Serbia lags far behind the worst EU perfomers in terms of the percentage of fossil fuels replaced with refuse-derived fuels, Dejana Milinković, director of the Cement Industry of Serbia (CIS) recently said. The only possible solution lies in legal regulation, both in terms of compliance with EU laws and bringing order into the domestic waste market.

“It is necessary to provide a sufficient amount of reliable and stable waste that cement plants could use instead of fossil fuels in the process of production”, both Milinković and representatives of cement maker LafargeHolcim Serbia, which operates a cement plant in Beočin told reporters.

Serbian cement producers use some 50,000 metric tons of waste as an energy source and 320,000 metric tons of waste as alternative raw materials per year. They are willing to offer solutions for the disposal of significant quantities of different waste types without an impact on the environment.

Dimitrije Knjeginjić, CEO of LafargeHolcim Serbia, said that every country that strategically approaches the problem of waste, finds a partner in the cement industry because cement kilns are used for controlled fuel combustion from waste processing.

“This reduces the consumption of non-renewable fossil fuel reserves, lowers the costs and protects the environment,” Knjeginjić explained.
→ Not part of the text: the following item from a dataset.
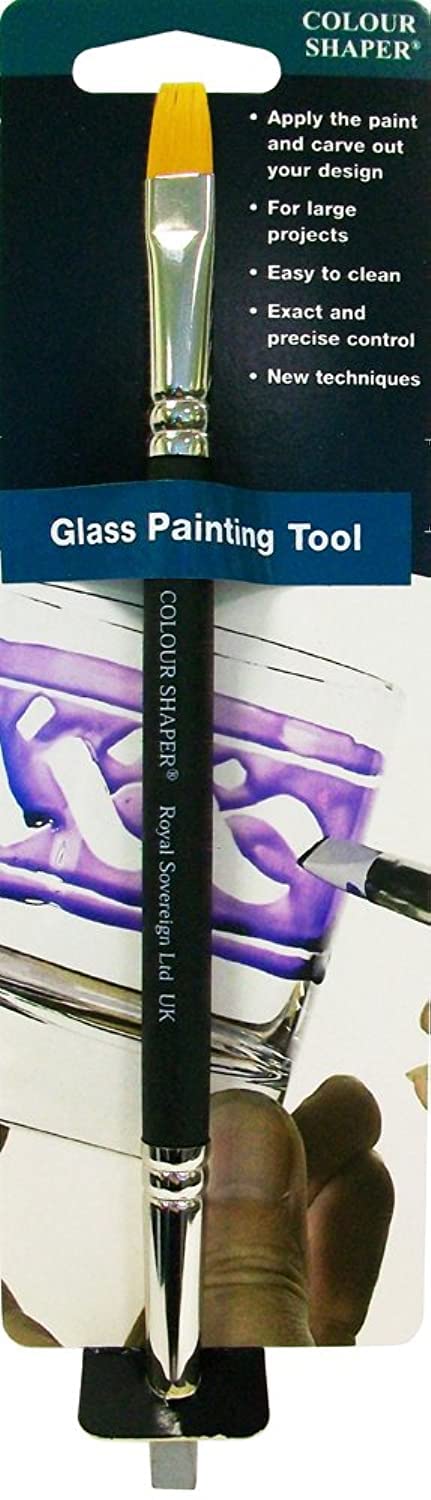 6-Piece Double Ended Glass Painting Tools Set - Glass Art, Stained Glass & DIY Craft Supplies for Artists & Hobbyists - Perfect for Glass Painting, Stained Glass Projects & Home Decor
Over the last five years, for example, due to investment in technical modernization of LafargeHolcim Serbia’s plant, dust emissions have been significantly reduced, while the CO2 emission rate has been slashed by 25% per metric ton of produced cement in Beočin.
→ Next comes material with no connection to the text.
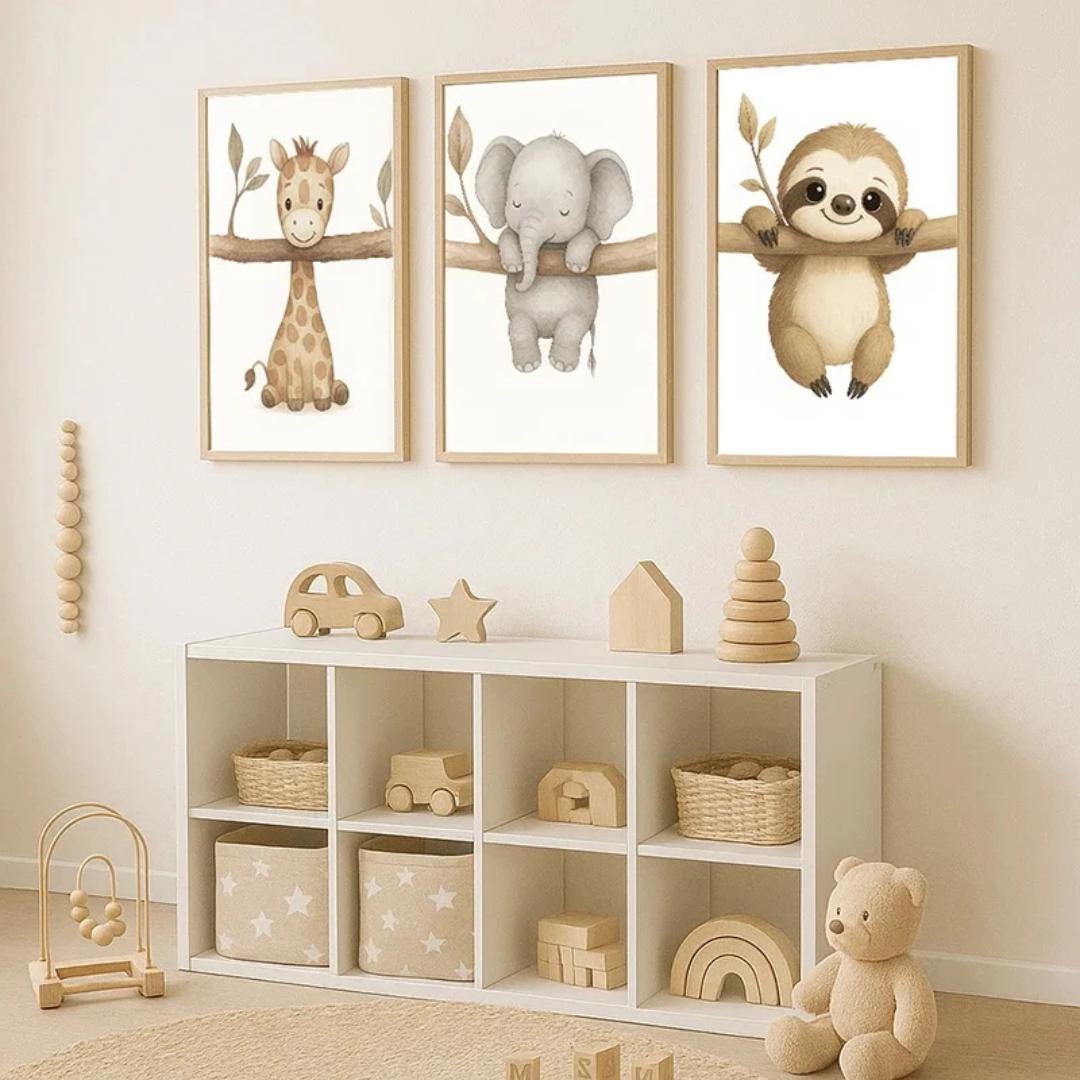 Animal Pictures for Nursery - Etsy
At the end of the 1970’s Lafarge began using alternative fuels; since 2002, it has invested EUR 120 million in technical modernization; and since 2008, it has developed a process of calibration in cement kilns. Today, it takes care of 15,000 – 20,000 metric tons of waste material per year. However, capacities are much higher.
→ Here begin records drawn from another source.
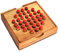 Solitaire Box Extra Solitär Steckhalma Steckerspiel Knobelholz Denkspiel Knobelspiel Geduldspiel für einen Spieler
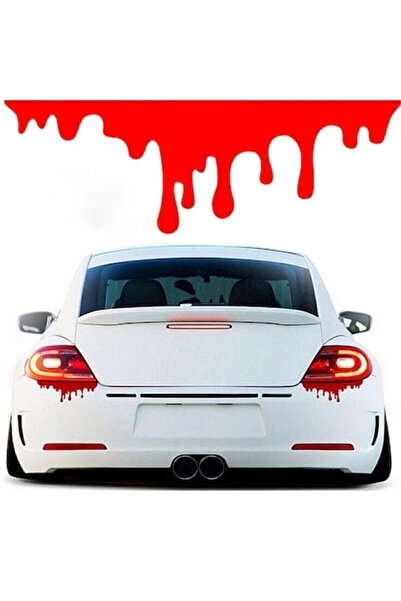 Genel Markalar Kan damlası 1 adet, oto sticker,far altı kan damlası kırmızı renk, araba sticker,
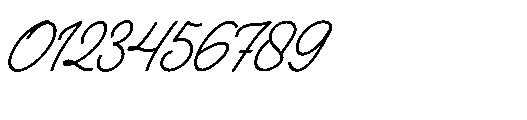 Lubiedo Italic Font OTHER CHARS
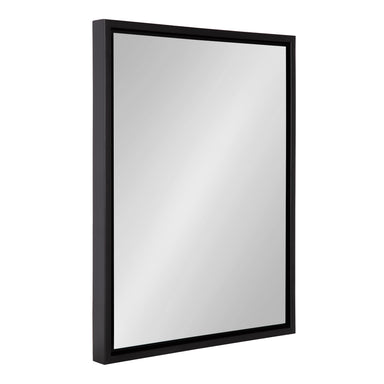 Rectangle Mirror Black 18x24 1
Every country that strategically approaches the problem of waste, finds a partner in the cement industry because cement kilns are used for controlled fuel combustion from waste processing.

“The waste market is a huge potential in Serbia,” said Knjeginjić. “But the market lacks regulation. Besides, Serbia is the only country in the region that bans the import of non-hazardous waste, which is why we are exposed to unfair competition.”

For the cement industry around the world, the challenge is to operate in accordance with the principles of sustainable development. Nevertheless, many countries seem very committed to meeting the challenge. Serbia does not appear that eager.

CIS members are LafargeHolcim Serbia, and operators of cement plants in Popovac and Kosjerić.